Print each entry below precisely as it reads.
Start of RECORDS TO USE
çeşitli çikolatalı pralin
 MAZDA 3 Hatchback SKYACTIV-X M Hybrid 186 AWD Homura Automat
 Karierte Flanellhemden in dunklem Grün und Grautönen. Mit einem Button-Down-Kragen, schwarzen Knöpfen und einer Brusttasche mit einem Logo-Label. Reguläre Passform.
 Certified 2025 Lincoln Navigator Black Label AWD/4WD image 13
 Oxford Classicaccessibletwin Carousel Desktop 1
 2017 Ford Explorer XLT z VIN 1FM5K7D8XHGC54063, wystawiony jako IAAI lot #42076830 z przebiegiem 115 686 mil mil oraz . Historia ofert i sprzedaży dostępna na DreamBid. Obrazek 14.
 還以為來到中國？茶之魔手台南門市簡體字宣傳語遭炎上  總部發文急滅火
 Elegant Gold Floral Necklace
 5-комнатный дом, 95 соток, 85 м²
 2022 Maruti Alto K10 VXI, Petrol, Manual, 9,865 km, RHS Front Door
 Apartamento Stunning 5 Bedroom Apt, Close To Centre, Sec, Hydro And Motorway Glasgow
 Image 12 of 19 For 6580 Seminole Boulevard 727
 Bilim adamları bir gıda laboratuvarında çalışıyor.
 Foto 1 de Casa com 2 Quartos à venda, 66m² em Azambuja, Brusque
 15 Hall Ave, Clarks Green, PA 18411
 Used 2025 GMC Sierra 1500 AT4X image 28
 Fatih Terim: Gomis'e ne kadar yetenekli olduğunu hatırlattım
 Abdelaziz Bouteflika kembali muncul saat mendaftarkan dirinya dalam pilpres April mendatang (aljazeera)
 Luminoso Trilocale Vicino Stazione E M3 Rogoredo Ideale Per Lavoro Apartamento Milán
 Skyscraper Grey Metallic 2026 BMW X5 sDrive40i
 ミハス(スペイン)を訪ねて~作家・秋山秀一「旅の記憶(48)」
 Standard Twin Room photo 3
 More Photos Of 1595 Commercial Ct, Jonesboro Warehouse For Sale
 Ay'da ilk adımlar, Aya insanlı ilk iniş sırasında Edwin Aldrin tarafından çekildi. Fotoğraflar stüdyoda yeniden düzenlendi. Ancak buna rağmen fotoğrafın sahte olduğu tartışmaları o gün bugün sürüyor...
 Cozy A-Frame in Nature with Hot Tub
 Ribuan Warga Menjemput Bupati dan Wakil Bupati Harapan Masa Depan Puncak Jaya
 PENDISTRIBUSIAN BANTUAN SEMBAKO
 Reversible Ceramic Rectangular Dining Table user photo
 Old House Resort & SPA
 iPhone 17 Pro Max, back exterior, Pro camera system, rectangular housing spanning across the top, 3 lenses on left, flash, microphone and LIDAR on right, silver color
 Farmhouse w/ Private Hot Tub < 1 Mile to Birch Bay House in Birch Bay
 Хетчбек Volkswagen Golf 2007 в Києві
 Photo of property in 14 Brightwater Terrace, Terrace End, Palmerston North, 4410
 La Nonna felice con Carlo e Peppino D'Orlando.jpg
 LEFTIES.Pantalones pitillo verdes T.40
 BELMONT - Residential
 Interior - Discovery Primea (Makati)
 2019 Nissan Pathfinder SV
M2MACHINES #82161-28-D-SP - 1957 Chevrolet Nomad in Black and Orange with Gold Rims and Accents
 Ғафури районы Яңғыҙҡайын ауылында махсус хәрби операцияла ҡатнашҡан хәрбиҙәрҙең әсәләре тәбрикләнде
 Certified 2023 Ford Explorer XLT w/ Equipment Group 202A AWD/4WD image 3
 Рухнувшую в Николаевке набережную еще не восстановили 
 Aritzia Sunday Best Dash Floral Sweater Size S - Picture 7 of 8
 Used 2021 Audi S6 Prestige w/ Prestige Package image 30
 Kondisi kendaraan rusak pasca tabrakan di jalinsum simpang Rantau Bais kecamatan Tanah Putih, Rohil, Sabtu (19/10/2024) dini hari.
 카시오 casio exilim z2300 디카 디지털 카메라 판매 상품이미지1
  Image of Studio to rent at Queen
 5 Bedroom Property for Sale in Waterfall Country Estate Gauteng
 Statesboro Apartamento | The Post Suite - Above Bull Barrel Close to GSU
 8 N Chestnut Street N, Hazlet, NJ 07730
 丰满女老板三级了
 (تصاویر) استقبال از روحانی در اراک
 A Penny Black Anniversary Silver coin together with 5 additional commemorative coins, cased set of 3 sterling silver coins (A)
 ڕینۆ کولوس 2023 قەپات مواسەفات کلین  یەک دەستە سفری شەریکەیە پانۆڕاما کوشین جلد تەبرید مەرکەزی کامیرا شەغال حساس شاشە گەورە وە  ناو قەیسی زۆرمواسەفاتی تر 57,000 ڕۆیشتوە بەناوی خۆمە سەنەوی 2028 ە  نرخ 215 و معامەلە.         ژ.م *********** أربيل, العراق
End of RECORDS TO USE
ANSWER FOR THIS EXERCISE
çeşitli çikolatalı pralin
 MAZDA 3 Hatchback SKYACTIV-X M Hybrid 186 AWD Homura Automat
 Karierte Flanellhemden in dunklem Grün und Grautönen. Mit einem Button-Down-Kragen, schwarzen Knöpfen und einer Brusttasche mit einem Logo-Label. Reguläre Passform.
 Certified 2025 Lincoln Navigator Black Label AWD/4WD image 13
 Oxford Classicaccessibletwin Carousel Desktop 1
 2017 Ford Explorer XLT z VIN 1FM5K7D8XHGC54063, wystawiony jako IAAI lot #42076830 z przebiegiem 115 686 mil mil oraz . Historia ofert i sprzedaży dostępna na DreamBid. Obrazek 14.
 還以為來到中國？茶之魔手台南門市簡體字宣傳語遭炎上  總部發文急滅火
 Elegant Gold Floral Necklace
 5-комнатный дом, 95 соток, 85 м²
 2022 Maruti Alto K10 VXI, Petrol, Manual, 9,865 km, RHS Front Door
 Apartamento Stunning 5 Bedroom Apt, Close To Centre, Sec, Hydro And Motorway Glasgow
 Image 12 of 19 For 6580 Seminole Boulevard 727
 Bilim adamları bir gıda laboratuvarında çalışıyor.
 Foto 1 de Casa com 2 Quartos à venda, 66m² em Azambuja, Brusque
 15 Hall Ave, Clarks Green, PA 18411
 Used 2025 GMC Sierra 1500 AT4X image 28
 Fatih Terim: Gomis'e ne kadar yetenekli olduğunu hatırlattım
 Abdelaziz Bouteflika kembali muncul saat mendaftarkan dirinya dalam pilpres April mendatang (aljazeera)
 Luminoso Trilocale Vicino Stazione E M3 Rogoredo Ideale Per Lavoro Apartamento Milán
 Skyscraper Grey Metallic 2026 BMW X5 sDrive40i
 ミハス(スペイン)を訪ねて~作家・秋山秀一「旅の記憶(48)」
 Standard Twin Room photo 3
 More Photos Of 1595 Commercial Ct, Jonesboro Warehouse For Sale
 Ay'da ilk adımlar, Aya insanlı ilk iniş sırasında Edwin Aldrin tarafından çekildi. Fotoğraflar stüdyoda yeniden düzenlendi. Ancak buna rağmen fotoğrafın sahte olduğu tartışmaları o gün bugün sürüyor...
 Cozy A-Frame in Nature with Hot Tub
 Ribuan Warga Menjemput Bupati dan Wakil Bupati Harapan Masa Depan Puncak Jaya
 PENDISTRIBUSIAN BANTUAN SEMBAKO
 Reversible Ceramic Rectangular Dining Table user photo
 Old House Resort & SPA
 iPhone 17 Pro Max, back exterior, Pro camera system, rectangular housing spanning across the top, 3 lenses on left, flash, microphone and LIDAR on right, silver color
 Farmhouse w/ Private Hot Tub < 1 Mile to Birch Bay House in Birch Bay
 Хетчбек Volkswagen Golf 2007 в Києві
 Photo of property in 14 Brightwater Terrace, Terrace End, Palmerston North, 4410
 La Nonna felice con Carlo e Peppino D'Orlando.jpg
 LEFTIES.Pantalones pitillo verdes T.40
 BELMONT - Residential
 Interior - Discovery Primea (Makati)
 2019 Nissan Pathfinder SV
M2MACHINES #82161-28-D-SP - 1957 Chevrolet Nomad in Black and Orange with Gold Rims and Accents
 Ғафури районы Яңғыҙҡайын ауылында махсус хәрби операцияла ҡатнашҡан хәрбиҙәрҙең әсәләре тәбрикләнде
 Certified 2023 Ford Explorer XLT w/ Equipment Group 202A AWD/4WD image 3
 Рухнувшую в Николаевке набережную еще не восстановили 
 Aritzia Sunday Best Dash Floral Sweater Size S - Picture 7 of 8
 Used 2021 Audi S6 Prestige w/ Prestige Package image 30
 Kondisi kendaraan rusak pasca tabrakan di jalinsum simpang Rantau Bais kecamatan Tanah Putih, Rohil, Sabtu (19/10/2024) dini hari.
 카시오 casio exilim z2300 디카 디지털 카메라 판매 상품이미지1
  Image of Studio to rent at Queen
 5 Bedroom Property for Sale in Waterfall Country Estate Gauteng
 Statesboro Apartamento | The Post Suite - Above Bull Barrel Close to GSU
 8 N Chestnut Street N, Hazlet, NJ 07730
 丰满女老板三级了
 (تصاویر) استقبال از روحانی در اراک
 A Penny Black Anniversary Silver coin together with 5 additional commemorative coins, cased set of 3 sterling silver coins (A)
 ڕینۆ کولوس 2023 قەپات مواسەفات کلین  یەک دەستە سفری شەریکەیە پانۆڕاما کوشین جلد تەبرید مەرکەزی کامیرا شەغال حساس شاشە گەورە وە  ناو قەیسی زۆرمواسەفاتی تر 57,000 ڕۆیشتوە بەناوی خۆمە سەنەوی 2028 ە  نرخ 215 و معامەلە.         ژ.م *********** أربيل, العراق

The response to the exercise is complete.